Copy out exactly the lines that begin with the one containing "Poster bianco nero Giraffe a caccia" and continue until the last line of the material.

• RECORDED INFORMATION:
■ ■ ■ ■

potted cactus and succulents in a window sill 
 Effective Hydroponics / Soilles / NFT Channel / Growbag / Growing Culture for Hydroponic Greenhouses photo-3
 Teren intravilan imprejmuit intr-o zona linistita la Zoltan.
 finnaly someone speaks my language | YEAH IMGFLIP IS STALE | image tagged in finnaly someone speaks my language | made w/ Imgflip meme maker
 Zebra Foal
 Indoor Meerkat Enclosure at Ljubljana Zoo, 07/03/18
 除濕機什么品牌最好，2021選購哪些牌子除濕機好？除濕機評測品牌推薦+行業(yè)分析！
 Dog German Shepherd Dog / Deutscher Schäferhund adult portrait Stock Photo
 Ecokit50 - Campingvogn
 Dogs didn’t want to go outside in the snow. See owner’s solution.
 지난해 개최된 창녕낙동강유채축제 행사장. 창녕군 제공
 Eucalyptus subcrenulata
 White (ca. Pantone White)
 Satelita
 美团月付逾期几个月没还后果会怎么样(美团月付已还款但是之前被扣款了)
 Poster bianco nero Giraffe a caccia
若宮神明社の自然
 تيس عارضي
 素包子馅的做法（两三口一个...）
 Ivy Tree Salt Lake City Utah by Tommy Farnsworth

■ ■ ■ ■

• RESULT:
 Poster bianco nero Giraffe a caccia
若宮神明社の自然
 تيس عارضي
 素包子馅的做法（两三口一个...）
 Ivy Tree Salt Lake City Utah by Tommy Farnsworth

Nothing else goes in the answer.